Pero me detuve poco antes de salir. A través de los cristales que se juntaban en las puertas de aspecto institucional podía ver a Heath. Las chicas se arremolinaban a su alrededor, haciendo poses y lanzando el pelo al aire, mientras que los chicos daban ridículos acelerones a sus enormes camionetas e intentaban (y en la mayoría de los casos fracasaban) parecer guays. ¿Quién iba a pensar que yo elegiría sentirme atraída por eso? No, en honor a la verdad debo recordarme a mí misma que Heath solía ser increíblemente dulce, e incluso tenía sus momentos. La mayoría de ellos cuando tenía el detalle de estar sobrio.

Las risillas tontas y agudas de las chicas llegaban revoloteando hasta mí desde el aparcamiento. Genial. Kathy Richter, el putón de la escuela, intentaba dar un manotazo a Heath. Incluso desde mi posición era obvio que ella pensaba que golpearle era una especie de ritual de apareamiento. Como de costumbre, el despistado Heath no hacía otra cosa que quedarse allí sonriendo. Bueno, qué diablos, mi día no iba a ir mucho mejor. Y ahí estaba mi Volkswagen Escarabajo color turquesa de 1966, justo en medio del grupo. No. No podía salir ahí. No podía caminar entre ellos con esta cosa en la frente. Nunca más podría volver a formar parte de ellos. Sabía demasiado bien lo que harían. Recordé al último chico al que un rastreador había elegido en el Instituto Sur de Secundaria.

Sucedió al inicio de curso del año pasado. El rastreador había venido antes del comienzo de las clases y había identificado al chico cuando se dirigía a su primera hora de clase. No pude ver al rastreador, pero vi al chico después, durante un instante, después de que soltase sus libros y saliera corriendo del edificio, con la marca brillando en su pálida frente y las lágrimas empapando sus blanquísimas mejillas. Nunca olvidaré lo abarrotados que habían estado los pasillos aquella mañana y cómo todo el mundo se había apartado de él como si tuviera la peste cuando corrió para huir por la puerta principal de la escuela. Yo había sido uno de esos chicos que se apartaron de su camino y se le quedaron mirando, a pesar de que sentía auténtica lástima por él. Lo único que no quería era ser etiquetada como «esa chica que es amiga de esos bichos raros». Ahora resulta bastante irónico, ¿verdad?

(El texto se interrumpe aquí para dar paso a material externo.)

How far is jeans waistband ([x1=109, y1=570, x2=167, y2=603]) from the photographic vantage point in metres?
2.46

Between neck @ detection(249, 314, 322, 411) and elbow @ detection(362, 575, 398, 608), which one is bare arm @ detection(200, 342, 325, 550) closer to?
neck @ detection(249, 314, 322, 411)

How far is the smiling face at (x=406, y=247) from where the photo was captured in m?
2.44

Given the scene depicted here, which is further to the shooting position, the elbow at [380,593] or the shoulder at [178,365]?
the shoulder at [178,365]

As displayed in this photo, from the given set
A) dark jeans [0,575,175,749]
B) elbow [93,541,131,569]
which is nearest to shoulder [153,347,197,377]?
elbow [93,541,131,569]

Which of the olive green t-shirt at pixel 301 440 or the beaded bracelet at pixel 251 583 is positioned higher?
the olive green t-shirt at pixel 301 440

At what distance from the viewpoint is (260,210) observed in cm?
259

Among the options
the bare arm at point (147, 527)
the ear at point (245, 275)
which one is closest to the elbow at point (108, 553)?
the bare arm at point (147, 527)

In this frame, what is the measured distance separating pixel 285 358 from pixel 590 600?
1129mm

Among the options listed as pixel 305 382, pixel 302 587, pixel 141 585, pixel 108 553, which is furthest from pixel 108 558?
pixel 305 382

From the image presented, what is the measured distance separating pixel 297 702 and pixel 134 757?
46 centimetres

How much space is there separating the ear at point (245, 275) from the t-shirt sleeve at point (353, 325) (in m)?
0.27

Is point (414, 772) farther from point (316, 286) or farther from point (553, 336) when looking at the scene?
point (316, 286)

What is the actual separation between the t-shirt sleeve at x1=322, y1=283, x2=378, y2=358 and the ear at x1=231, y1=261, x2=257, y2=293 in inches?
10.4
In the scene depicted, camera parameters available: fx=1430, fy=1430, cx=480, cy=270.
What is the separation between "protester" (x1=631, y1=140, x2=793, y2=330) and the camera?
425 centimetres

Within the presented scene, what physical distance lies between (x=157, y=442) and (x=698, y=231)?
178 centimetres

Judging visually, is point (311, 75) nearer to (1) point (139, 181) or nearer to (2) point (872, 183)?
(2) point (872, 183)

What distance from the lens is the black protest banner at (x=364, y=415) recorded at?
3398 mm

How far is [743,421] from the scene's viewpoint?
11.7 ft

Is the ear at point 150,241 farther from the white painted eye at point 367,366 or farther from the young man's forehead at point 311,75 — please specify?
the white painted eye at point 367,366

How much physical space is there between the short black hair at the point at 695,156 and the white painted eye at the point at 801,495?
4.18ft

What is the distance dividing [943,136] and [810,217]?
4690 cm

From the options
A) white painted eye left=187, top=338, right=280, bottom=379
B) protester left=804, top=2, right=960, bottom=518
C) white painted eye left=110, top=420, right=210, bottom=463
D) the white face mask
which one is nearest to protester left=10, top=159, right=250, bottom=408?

En vez de ir hacia mi coche, me dirigí hacia el baño más cercano, que por suerte estaba vacío. Había tres puertas de inodoro. Sí, comprobé cada una por si había pies. En una pared había dos lavabos, sobre los cuales colgaban dos espejos de tamaño medio. Frente a los lavabos, la pared opuesta estaba cubierta por otro enorme espejo que tenía una repisa debajo para dejar los cepillos, el maquillaje y qué sé yo qué más. Puse el bolso y el libro de geometría en la repisa, respiré hondo y de un solo movimiento levanté la cabeza y me puse el pelo hacia atrás.

Era como mirar a la cara de un desconocido que te es familiar. Ya sabes, esa persona que ves entre la multitud y que jurarías que conoces, pero que en realidad no es así. Ahora esa persona era yo: la desconocida familiar.

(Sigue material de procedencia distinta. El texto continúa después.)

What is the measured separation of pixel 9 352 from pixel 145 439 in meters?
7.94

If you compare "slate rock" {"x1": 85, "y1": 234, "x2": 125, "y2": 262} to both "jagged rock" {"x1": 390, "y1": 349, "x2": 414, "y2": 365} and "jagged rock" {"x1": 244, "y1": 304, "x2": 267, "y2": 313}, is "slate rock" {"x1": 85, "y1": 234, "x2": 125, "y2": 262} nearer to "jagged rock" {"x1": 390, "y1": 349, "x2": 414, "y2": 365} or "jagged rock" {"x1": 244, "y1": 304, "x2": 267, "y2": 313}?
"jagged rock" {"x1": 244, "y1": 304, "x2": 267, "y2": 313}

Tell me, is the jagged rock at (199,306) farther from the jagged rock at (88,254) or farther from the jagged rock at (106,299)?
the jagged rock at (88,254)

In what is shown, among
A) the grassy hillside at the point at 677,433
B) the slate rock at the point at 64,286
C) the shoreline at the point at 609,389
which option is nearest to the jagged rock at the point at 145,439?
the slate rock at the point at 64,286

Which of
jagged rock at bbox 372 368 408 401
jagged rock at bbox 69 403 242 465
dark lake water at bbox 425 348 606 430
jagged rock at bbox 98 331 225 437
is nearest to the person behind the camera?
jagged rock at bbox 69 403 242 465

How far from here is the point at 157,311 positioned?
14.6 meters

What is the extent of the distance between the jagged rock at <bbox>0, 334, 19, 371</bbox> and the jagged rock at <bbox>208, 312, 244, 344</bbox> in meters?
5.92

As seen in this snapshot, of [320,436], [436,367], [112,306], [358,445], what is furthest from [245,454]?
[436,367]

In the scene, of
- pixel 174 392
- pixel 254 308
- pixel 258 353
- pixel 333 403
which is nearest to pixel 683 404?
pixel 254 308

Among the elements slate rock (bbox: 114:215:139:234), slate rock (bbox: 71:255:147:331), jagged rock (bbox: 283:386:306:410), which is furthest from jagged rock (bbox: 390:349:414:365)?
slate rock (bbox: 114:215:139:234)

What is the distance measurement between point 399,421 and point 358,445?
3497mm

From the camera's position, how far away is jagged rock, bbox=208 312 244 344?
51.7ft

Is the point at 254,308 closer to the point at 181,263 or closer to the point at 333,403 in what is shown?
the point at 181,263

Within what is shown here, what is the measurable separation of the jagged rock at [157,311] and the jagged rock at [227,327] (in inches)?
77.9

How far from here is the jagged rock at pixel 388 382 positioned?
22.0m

Tenía mis mismos ojos. Eran del mismo color avellana que nunca podía decirse si tendía al verde o al marrón, pero mis ojos nunca habían sido tan grandes y redondos. ¿O sí? Tenía el mismo pelo que yo. Largo y liso y casi tan oscuro como había sido el de mi abuela antes de que empezara a volverse canoso. La desconocida tenía mis mismos pómulos elevados, mi nariz larga y fuerte y mi boca ancha; más rasgos heredados de mi abuela y de sus ancestros cheroqui. Pero mi cara nunca había sido así de pálida. Siempre había tenido un tono oliváceo, con la piel más oscura que nadie de mi familia. Aunque tal vez no era que mi piel estuviese de repente muy blanca... Quizá solo parecía pálida en contraste con el contorno azul oscuro de la luna creciente perfectamente situada en el centro de mi frente. O quizá era aquella horrible luz de fluorescente. Esperaba que fuera por la luz.

Observé el tatuaje de aspecto exótico. Unido a mis fuertes rasgos cheroqui, parecía otorgarme un toque salvaje... como si perteneciese a un tiempo antiguo en el que el mundo era más grande... más primitivo.

A partir de aquel día mi vida no volvería a ser la misma. Y por un momento - solo un instante- me olvidé del miedo a no encajar y sentí un inesperado arrebato de placer, mientras muy dentro de mí la sangre de la gente de mi abuela se regocijaba.